Comment imaginer un retour au 23 février devant ces images ineffaçables? «Ici, j’ai essuyé le sang de mes enfants», nous a raconté une femme âgée en montrant l’escalier d’une maison privée dans le village de Bezrouky, dans la région de Kharkiv. Sa petite-fille de 8 ans et sa fille de 38 ans ont été tuées ici par une mine russe, en une seconde, un beau jour d’été 2022. L’enfant lisait un livre. Elle avait de bonnes notes à l’école.
La victoire? Si, le 23 février 2022, on nous avait montré, comme dans un film, tout ce qui nous attendait, nous serions certainement restés médusés, voire immobilisés de terreur, et sans doute incapables d’agir. Pourtant, nous avons traversé cette première année de guerre, jour après jour, en redoublant sans cesse d’efforts. Civils et militaires, hommes et femmes, petits et grands. Autant de personnes ordinaires qui ont démontré leur capacité à accomplir des choses extraordinaires. Certains l’ont fait en participant à la mobilisation sans y être obligés.
D’autres en payant leurs impôts et en donnant tous les jours davantage pour soutenir l’armée. D’autres encore ont consacré leur temps libre aux diverses activités volontaires, du tissage de filets de camouflage à la fabrication de bougies de tranchée. Les petits sont allés à l’école, où les cours sont interrompus par des alertes aériennes, et les jeunes à l’université, en dépit des coupures d’électricité.

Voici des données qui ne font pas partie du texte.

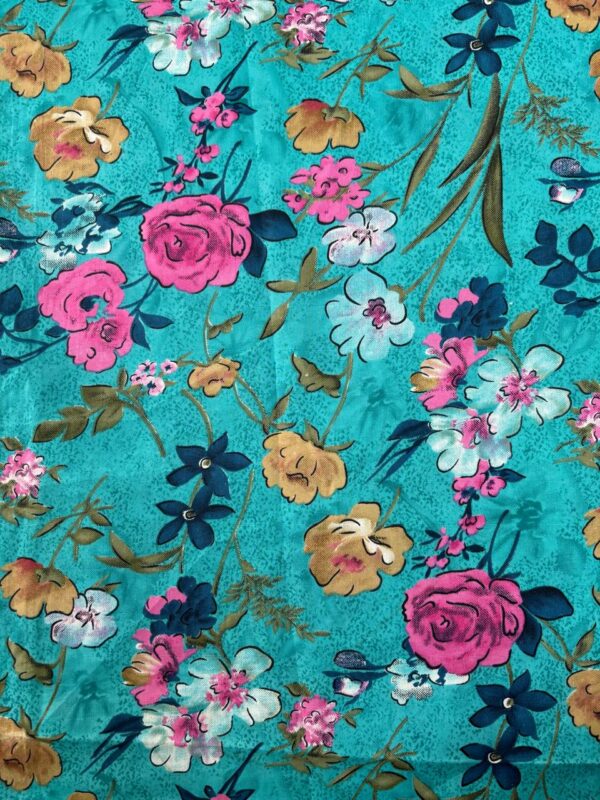 floral printed american crepe fabric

Or, personne ne sait ce qui nous attend. Nous savons seulement que nous continuerons à avancer, tous ensemble, jour après jour, vers la victoire. Car nous savons trop bien ce qui nous attend si nous baissons les bras. Les tombes d’Izioum seront à Kyiv. La ville de Lviv sera bombardée comme Kherson. La station nucléaire de Khmelnytskyï sera ciblée comme celle de Zaporijjia. Nous le savons, nous l’avons vu, nous avons témoigné.
Et lorsque nous fermons les yeux, nous voyons toujours les visages de ceux qui ne verront jamais le jour de la victoire. Iryna Tsvila, notre amie de Brovary qui adorait les roses de son jardin, qui a pris les armes le 24 février et qui est morte deux jours plus tard en défendant Kyiv. Mykola Rachok, mon étudiant en littérature, qui adorait les voitures et les romans d’aventure, mort au combat près de Pokrovsk en juillet 2022. Roman Barvinok, le violoniste, qui jouait du Vivaldi en face du palais présidentiel au printemps 2020, mort sur le front de l’Est en août 2022. Tant d’autres personnes. Des dizaines de milliers d’autres.
Le jour de la victoire viendra, et il ne ressemblera pas au 23 février 2022. Mais que ne sommes-nous pas prêts à faire pour nous en rapprocher?